Peter Ciriello, Shape's president, blames cheap foreign labor and the price
of resin, which has doubled in the past year, for some of the company's
financial troubles.  Shape also has debts from investments made in the mid-
1990s, which has hindered the company from investing in new products, Mr.
Ciriello says.  


SIRENA APPAREL: Judge Robles Extends Term of DIP Loan to July 31, 2000
----------------------------------------------------------------------
The Sirena Apparel Group, Inc., sought and obtained approval from the
Bankruptcy Court in Los Angeles of a Seventh Amendment to the $25,250,000 DIP
Financing Facility underwritten by Foothill Capital Corporation.  The Seventh
Amendment extends the term of the facility to July 31, 2000.  

The Debtor cannot adequately satisfy its postpetition obligations and operate
its business without obtaining the funds made available under the DIP
Facility, David A. Gill, Esq., of Danning, Gill, Diamond & Kollitz told Judge
Ernest M. Robles at a hearing late last week.


STAGE STORES: 60 Stores Closing Now & Interim CEO Looks to Closing 100 More
---------------------------------------------------------------------------
Stage Stores, tells the Bankruptcy Court in Houston that it must close 60
cash-draining stores across the country.  No decisions have been made about
Stage's remaining 600 stores in 33 states.  Interim Chief Executive Jack
Wiesner says he plans to concentrate on its most profitable stores in
Oklahoma, Louisiana and Texas.  Mr.

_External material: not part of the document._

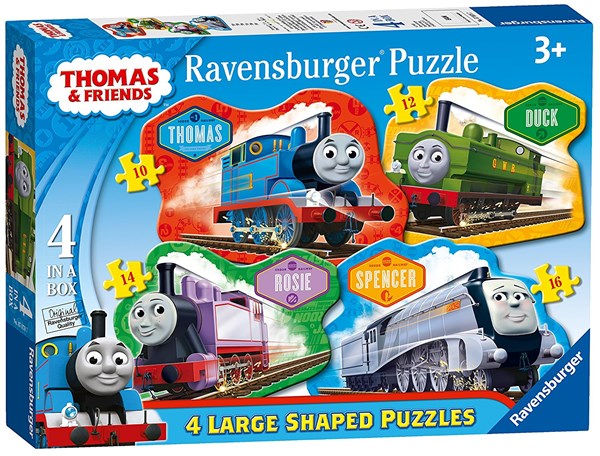 Ravensburger (07078) - "Thomas & Friends" - 10 12 14 16 brikker puslespil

Weisner also anticipates announcing
another round of up to 100 closings within weeks.

  
STRAUSS DISCOUNT: IBJ Whitehall Retail Extends $15MM of Financing to Buyers
---------------------------------------------------------------------------
IBJ Whitehall Retail Finance announced yesterday that it has provided a $15
million, three year, revolving credit facility to a new company formed to
acquire the assets of Strauss Discount Auto, a 70-year old retailer of
aftermarket automotive replacement parts headquartered in South River, New
Jersey.

Strauss Discount Auto, which currently has 91 stores in New York, New
Jersey and Pennsylvania, has been operating in Chapter 11 since June 1998.
Glenn Langberg of Charon Investments LLC, together with Schottenstein
Bernstein Capital Group, were successful in their bid to purchase the
company's assets out of bankruptcy in February. Their successful bid was
supported by the $15 million credit facility provided by IBJ Whitehall Retail
Finance.

"All the professionals we worked with at IBJ Whitehall Retail Finance were
very knowledgeable about retailing, the bankruptcy process, and financing
acquisitions, and they provided us with a competitive financing arrangement.
We were very impressed with their responsiveness given the complexities of
this transaction," stated Langberg, who is now Chairman and principal
stockholder of Strauss Discount Auto.

According to Robert Barnhard, President of IBJ Whitehall Retail Finance, "At
IBJ Whitehall, we aggressively seek opportunities such as this one where we
can utilize our retail expertise and lending creativity to help clients
achieve their goals. Today, retailers are recognizing the benefits of our
middle market retail expertise and how it can help them in a variety of
acquisition, restructuring and recapitalization situations. IBJ Whitehall is
looking forward to a long and successful relationship with Strauss Discount
Auto."

IBJ Whitehall Retail Finance provides asset-based financing arrangements and
a full array of commercial banking products exclusively to middle market
retailers nationwide. It specializes in senior secured debt facilities for
growth, acquisition and restructuring situations, including debtor-in-
possession and emergence financing. IBJ Whitehall Retail Finance is a division
of New York-based IBJ Whitehall Financial Group, a leading provider of
financial services to middle market companies since 1923.
  

SYSTEM SOFTWARE: Needs A Few More Days to Prepare Schedules & Statements
------------------------------------------------------------------------
Circumstances beyond those foreseen at the time it commenced its chapter 11
case and continued shortages of personnel have made it impossible for the
Debtor to compile and submit its Schedules and Statements, Laura Davis Jones,
Esq., of Pachulski, Stang, Ziehl, Young & Jones, P.C., tells Judge McKelvie.  
Accordingly, System Software Associates, Inc., sought and obtained an
extension of the time within which it must file its Schedules of Assets and
Liabilities and Statements of Financial Affairs through June 23, 2000.  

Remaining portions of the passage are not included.